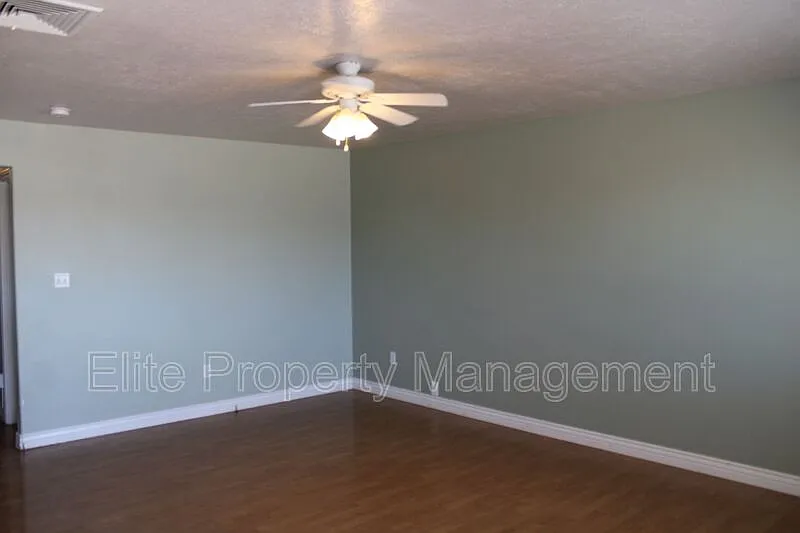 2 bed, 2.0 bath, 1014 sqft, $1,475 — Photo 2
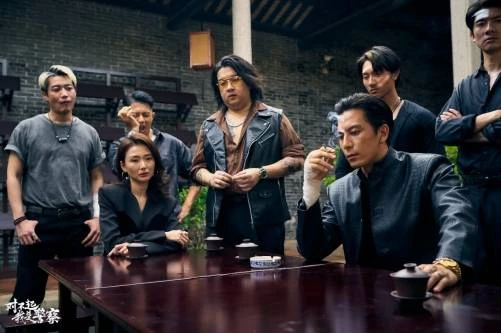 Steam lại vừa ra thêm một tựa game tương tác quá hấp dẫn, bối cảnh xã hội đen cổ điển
* * *
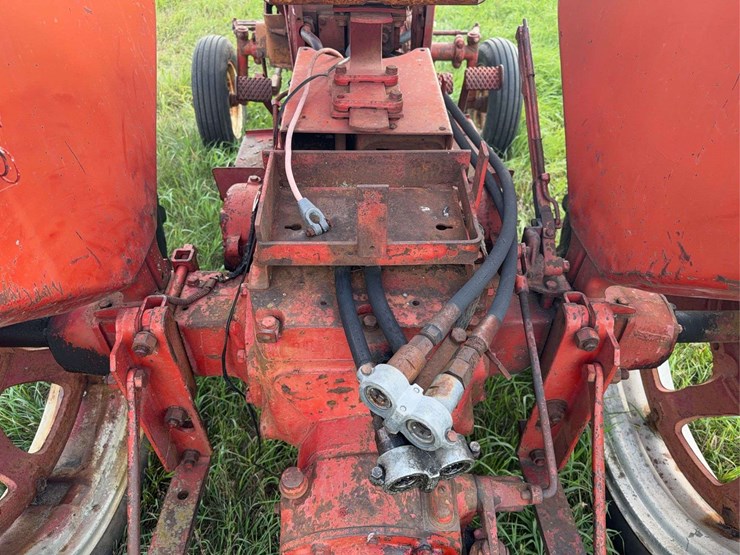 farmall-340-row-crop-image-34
* * *
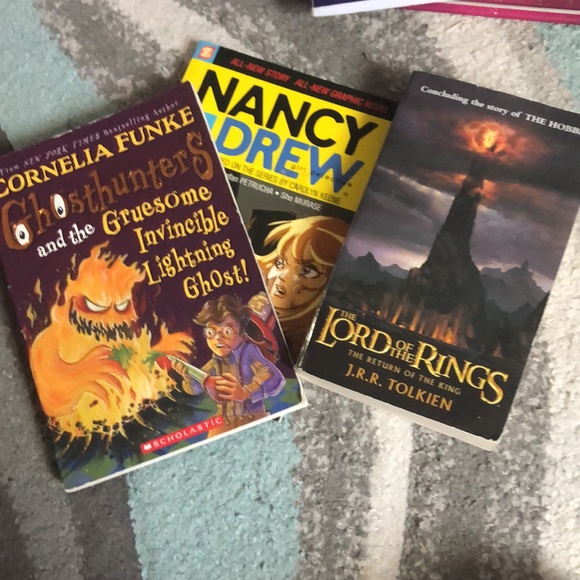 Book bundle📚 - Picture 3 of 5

→ Exercise
From the listing above, restate verbatim the lines running from the one with "2 bed, 2.0 bath, 1014 sqft, $1,475 — Photo 2" through the one with "Steam lại vừa", inclusive, but not the pictures.

→ Completed task
 2 bed, 2.0 bath, 1014 sqft, $1,475 — Photo 2
 Steam lại vừa ra thêm một tựa game tương tác quá hấp dẫn, bối cảnh xã hội đen cổ điển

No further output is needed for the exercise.